Android自己的智能指针

智能指针是一种抽象的数据类型,它通常是通过类模板实现的,可以实现泛型,并且可以通过类的析构函数自动释放指针所指向的内存或对象。

在Android中,有类似 shared_ptrweak_ptr 的智能指针 LightRefBase + spRefBase + wp

其中:

LightRefBase + sp 类似于 shared_ptr 的实际使用方法;

RefBase + wp + sp 类似于 shared_ptr + weak_ptr 的实际使用方法。

weak_ptr 是配合 shared_ptr 使用的,详细可以查看C++四种智能指针

实际原理就是:

通过引用计数来维护对象的生命周期。每当一个新的指针指向了一个对象时,这个对象的引用计数就增加1,相反每当一个指针不再指向一个对象时,这个对象的引用计数就减少1,当引用计数为0的时候,就安全的释放它。

为了避免循环引用。需要自己控制在合适的位置使用 weak 引用。weak 引用不会增加引用计数(这是在C++11中。 在android中,strong引用 和 weak引用 的计数是分开保存的。当然原理一致。只看强引用)

下面的代码基本都在 system/core 目录下,本文中的代码来自android 13 。就不一一详细标明了。

1、LightRefBase + sp

LightRefBase 是一个模板类,内部通过成员变量mCount来对引用进行计数,incStrong方法对mCount加1,decStrong方法对mCount减1。如果不涉及循环引用。直接继承类LightRefBase使用即可。

arduino 复制代码
template <class T>
class LightRefBase
{
public:
    // 构造函数初始化引用计数为0
    inline LightRefBase() : mCount(0) { }
    // 引用计数变量加1
    inline void incStrong(__attribute__((unused)) const void* id) const {
        mCount.fetch_add(1, std::memory_order_relaxed);
    }
    // 引用计数减1
    inline void decStrong(__attribute__((unused)) const void* id) const {
        if (mCount.fetch_sub(1, std::memory_order_release) == 1) {
            std::atomic_thread_fence(std::memory_order_acquire);
            // 当引用计数器减到0的时候通过del释放原本对象
            delete static_cast<const T*>(this);
        }
    }
    // 获取引用计数值
    inline int32_t getStrongCount() const {
        return mCount.load(std::memory_order_relaxed);
    }
    typedef LightRefBase<T> basetype;
protected:
    inline ~LightRefBase() { }
private:
    // 引用计数成员变量
    mutable std::atomic<int32_t> mCount;
};

sp是轻量级指针的实现类,同时也是强指针的实现类。
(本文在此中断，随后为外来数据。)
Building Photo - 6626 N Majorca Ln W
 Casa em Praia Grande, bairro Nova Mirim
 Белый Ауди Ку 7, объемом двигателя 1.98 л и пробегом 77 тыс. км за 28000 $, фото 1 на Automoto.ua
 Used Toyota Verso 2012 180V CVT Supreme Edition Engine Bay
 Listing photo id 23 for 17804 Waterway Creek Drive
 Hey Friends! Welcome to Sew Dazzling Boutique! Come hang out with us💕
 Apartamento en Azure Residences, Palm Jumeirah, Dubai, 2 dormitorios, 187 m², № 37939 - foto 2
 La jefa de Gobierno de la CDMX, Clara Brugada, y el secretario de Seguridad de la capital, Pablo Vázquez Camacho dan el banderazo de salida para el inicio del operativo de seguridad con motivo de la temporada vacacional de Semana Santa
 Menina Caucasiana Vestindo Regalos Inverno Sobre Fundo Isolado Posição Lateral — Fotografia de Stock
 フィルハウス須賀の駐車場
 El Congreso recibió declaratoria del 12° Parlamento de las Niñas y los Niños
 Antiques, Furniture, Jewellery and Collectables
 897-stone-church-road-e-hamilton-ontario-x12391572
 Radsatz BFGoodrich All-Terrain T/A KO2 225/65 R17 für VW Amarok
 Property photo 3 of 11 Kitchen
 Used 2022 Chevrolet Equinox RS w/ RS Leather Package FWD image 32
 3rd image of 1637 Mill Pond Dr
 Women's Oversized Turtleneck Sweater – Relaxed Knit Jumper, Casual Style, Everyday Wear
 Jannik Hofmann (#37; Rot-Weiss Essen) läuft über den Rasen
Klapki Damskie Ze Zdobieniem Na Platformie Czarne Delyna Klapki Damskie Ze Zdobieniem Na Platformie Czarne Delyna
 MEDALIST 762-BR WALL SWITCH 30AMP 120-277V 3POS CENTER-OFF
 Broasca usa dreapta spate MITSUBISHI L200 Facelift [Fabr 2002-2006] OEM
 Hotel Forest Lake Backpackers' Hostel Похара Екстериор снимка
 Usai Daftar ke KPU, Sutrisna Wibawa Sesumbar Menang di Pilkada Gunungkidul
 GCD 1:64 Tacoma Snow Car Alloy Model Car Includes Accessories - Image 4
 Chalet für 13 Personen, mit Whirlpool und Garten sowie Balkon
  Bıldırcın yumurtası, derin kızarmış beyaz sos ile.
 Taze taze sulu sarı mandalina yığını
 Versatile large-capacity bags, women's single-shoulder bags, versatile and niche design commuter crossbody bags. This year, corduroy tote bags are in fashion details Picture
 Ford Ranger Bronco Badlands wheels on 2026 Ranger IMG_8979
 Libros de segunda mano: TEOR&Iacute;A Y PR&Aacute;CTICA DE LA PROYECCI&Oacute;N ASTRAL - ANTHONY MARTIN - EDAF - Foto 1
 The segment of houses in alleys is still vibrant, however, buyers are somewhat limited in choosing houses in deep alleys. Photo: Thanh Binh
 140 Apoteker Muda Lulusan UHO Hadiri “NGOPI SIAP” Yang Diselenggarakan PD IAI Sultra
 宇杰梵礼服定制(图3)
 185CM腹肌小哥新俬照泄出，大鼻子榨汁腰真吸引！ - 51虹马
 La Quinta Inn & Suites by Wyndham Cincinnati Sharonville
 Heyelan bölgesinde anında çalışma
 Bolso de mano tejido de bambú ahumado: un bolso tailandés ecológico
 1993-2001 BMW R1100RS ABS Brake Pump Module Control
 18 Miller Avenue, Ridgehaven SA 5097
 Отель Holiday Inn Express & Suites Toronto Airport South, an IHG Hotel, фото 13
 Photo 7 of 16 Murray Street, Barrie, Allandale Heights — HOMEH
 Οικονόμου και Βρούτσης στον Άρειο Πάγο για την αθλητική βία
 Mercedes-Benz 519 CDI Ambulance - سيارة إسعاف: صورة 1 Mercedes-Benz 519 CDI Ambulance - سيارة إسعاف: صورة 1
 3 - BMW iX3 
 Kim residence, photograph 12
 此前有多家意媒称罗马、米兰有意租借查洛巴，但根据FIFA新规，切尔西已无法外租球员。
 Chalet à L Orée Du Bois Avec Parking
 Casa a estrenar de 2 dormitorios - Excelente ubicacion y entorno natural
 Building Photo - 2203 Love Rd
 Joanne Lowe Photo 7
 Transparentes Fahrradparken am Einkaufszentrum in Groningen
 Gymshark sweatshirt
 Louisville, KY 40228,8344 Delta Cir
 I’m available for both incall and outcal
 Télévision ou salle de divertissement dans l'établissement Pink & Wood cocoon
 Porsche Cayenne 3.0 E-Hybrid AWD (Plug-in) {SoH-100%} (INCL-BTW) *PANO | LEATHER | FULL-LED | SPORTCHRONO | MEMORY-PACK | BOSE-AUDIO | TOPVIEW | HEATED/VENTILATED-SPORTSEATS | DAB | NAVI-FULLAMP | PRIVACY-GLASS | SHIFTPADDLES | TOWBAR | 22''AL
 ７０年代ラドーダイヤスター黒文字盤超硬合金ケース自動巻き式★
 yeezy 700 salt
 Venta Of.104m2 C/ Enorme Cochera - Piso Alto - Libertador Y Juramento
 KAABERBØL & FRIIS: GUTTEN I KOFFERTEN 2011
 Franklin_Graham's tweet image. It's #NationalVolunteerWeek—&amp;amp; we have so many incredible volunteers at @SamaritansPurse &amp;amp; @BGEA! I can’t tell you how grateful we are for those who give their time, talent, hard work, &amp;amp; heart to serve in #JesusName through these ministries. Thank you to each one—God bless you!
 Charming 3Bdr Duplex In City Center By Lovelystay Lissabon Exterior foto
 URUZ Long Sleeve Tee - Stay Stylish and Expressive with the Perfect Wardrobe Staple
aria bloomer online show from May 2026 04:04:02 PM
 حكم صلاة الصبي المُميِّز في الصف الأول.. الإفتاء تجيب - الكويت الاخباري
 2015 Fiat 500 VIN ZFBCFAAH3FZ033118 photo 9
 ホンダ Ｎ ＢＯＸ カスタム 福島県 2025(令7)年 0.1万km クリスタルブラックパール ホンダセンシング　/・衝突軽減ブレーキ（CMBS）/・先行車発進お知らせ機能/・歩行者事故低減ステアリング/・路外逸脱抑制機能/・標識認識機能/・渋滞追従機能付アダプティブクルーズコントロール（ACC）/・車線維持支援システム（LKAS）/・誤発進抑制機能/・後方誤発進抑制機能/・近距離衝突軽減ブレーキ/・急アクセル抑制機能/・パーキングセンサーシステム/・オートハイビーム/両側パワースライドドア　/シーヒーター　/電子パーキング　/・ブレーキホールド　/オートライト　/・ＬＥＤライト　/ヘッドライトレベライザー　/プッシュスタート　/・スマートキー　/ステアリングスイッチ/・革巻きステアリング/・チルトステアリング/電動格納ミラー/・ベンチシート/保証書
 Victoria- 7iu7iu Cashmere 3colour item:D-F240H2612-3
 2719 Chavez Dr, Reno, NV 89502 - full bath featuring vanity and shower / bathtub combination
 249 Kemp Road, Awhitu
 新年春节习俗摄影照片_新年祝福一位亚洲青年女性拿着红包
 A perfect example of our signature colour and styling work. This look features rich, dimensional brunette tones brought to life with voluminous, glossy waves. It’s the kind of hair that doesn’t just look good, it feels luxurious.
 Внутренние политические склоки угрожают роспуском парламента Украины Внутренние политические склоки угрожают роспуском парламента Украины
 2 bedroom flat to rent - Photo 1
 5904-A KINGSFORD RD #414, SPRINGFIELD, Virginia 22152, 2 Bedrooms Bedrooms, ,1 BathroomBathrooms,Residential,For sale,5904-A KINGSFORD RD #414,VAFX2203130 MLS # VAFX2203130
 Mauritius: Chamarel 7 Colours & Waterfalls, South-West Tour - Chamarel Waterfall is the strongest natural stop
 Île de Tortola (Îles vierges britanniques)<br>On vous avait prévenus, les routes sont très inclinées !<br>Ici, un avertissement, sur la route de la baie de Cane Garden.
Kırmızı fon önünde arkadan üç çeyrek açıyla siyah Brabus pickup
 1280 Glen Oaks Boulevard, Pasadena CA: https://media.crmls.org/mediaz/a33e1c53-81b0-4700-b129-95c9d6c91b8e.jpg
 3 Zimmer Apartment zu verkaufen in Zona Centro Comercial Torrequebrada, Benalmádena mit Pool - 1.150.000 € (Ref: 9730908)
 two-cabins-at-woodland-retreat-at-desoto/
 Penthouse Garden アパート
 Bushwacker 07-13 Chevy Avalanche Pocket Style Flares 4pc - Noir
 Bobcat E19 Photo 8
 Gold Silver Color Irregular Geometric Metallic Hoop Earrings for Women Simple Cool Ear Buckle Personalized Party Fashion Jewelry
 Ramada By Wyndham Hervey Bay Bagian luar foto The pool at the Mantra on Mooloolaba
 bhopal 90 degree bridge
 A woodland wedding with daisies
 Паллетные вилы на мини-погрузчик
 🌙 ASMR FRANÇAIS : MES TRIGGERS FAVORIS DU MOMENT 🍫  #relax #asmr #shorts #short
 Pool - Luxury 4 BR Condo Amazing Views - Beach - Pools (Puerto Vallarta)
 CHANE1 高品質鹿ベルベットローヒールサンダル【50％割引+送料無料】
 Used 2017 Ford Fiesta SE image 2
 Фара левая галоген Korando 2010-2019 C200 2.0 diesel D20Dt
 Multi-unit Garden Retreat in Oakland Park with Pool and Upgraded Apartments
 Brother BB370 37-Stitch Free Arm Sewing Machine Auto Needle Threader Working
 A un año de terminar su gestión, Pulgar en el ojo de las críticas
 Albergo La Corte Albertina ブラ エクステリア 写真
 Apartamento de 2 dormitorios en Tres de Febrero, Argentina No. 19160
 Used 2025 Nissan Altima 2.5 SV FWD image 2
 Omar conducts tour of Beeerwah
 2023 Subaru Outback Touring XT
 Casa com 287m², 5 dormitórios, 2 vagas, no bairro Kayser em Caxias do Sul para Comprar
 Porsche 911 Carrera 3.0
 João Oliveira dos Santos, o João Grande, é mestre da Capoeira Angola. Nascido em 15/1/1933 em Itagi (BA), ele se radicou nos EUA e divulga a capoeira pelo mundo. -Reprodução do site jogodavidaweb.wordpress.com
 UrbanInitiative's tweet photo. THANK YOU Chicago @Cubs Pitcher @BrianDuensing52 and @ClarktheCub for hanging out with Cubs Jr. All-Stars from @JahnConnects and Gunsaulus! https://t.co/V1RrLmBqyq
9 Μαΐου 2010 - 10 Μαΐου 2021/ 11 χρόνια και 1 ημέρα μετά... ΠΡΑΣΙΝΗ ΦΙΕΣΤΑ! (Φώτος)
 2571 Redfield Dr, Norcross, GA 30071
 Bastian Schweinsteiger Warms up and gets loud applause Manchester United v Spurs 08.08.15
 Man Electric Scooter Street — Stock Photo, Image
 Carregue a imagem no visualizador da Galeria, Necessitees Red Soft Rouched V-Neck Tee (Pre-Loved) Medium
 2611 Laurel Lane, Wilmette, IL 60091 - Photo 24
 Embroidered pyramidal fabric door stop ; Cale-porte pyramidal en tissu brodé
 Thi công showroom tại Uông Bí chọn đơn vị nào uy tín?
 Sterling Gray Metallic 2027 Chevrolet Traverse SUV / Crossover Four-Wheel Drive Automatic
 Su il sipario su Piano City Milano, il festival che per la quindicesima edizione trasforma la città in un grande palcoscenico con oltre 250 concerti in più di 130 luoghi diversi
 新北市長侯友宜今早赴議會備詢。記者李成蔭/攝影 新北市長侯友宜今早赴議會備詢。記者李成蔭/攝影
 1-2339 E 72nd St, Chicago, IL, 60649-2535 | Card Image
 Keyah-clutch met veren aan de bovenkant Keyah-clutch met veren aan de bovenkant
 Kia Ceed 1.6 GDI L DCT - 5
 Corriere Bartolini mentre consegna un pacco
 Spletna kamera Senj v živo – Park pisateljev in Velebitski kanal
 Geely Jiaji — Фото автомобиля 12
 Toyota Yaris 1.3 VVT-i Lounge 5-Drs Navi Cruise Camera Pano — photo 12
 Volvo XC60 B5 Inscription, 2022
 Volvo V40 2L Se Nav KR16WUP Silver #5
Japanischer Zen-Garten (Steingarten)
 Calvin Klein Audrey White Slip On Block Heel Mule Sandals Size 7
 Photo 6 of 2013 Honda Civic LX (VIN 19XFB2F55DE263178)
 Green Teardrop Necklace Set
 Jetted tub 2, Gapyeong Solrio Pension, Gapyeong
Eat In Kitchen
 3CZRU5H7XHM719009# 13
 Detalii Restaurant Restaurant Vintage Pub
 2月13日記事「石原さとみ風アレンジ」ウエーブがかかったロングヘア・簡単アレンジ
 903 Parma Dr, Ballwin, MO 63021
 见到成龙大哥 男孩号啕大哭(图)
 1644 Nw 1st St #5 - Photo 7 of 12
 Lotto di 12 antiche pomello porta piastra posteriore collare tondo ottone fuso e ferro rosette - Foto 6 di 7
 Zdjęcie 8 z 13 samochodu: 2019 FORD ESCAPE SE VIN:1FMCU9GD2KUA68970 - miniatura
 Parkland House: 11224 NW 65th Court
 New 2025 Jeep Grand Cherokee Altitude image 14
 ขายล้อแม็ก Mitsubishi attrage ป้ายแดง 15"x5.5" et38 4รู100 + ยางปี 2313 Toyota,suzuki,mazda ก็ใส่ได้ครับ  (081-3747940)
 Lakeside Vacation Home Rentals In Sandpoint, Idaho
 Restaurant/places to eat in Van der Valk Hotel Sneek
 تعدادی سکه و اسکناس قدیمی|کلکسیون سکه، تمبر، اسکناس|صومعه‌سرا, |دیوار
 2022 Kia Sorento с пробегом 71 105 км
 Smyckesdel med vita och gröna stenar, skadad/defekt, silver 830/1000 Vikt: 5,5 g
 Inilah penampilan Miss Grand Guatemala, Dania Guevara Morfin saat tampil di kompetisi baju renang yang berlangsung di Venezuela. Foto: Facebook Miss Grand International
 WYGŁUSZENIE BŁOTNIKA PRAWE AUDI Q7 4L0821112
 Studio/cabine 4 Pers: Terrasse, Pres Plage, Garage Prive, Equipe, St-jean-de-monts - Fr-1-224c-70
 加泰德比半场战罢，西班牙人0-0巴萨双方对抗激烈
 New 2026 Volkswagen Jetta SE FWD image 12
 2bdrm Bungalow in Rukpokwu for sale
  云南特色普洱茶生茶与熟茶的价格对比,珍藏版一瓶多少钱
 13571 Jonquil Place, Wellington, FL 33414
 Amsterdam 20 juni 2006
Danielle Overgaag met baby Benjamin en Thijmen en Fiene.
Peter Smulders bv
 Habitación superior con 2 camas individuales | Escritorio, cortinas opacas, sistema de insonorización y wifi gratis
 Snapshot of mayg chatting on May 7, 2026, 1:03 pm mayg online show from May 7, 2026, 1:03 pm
构造函数+1,析构函数-1。

优点:简单方便,能覆盖大多数场景

缺点:有循环引用导致无法释放,进而导致内存泄漏问题。

arduino 复制代码
template<typename T>
class sp {
public:
    inline sp() : m_ptr(nullptr) { }

    // The old way of using sp<> was like this. This is bad because it relies
    // on implicit conversion to sp<>, which we would like to remove (if an
    // object is being managed some other way, this is double-ownership). We
    // want to move away from this:
    //
    //     sp<Foo> foo = new Foo(...); // DO NOT DO THIS
    //
    // Instead, prefer to do this:
    //
    //     sp<Foo> foo = sp<Foo>::make(...); // DO THIS
    //
    // Sometimes, in order to use this, when a constructor is marked as private,
    // you may need to add this to your class:
    //
    //     friend class sp<Foo>;
    template <typename... Args>
    static inline sp<T> make(Args&&... args);

    // if nullptr, returns nullptr
    //
    // if a strong pointer is already available, this will retrieve it,
    // otherwise, this will abort
    static inline sp<T> fromExisting(T* other);

    // for more information about this macro and correct RefBase usage, see
    // the comment at the top of utils/RefBase.h
#if defined(ANDROID_UTILS_REF_BASE_DISABLE_IMPLICIT_CONSTRUCTION)
    sp(std::nullptr_t) : sp() {}
#else
    sp(T* other);  // NOLINT(implicit)
    template <typename U>
    sp(U* other);  // NOLINT(implicit)
    sp& operator=(T* other);
    template <typename U>
    sp& operator=(U* other);
#endif

    sp(const sp<T>& other);
    sp(sp<T>&& other) noexcept;

    template<typename U> sp(const sp<U>& other);  // NOLINT(implicit)
    template<typename U> sp(sp<U>&& other);  // NOLINT(implicit)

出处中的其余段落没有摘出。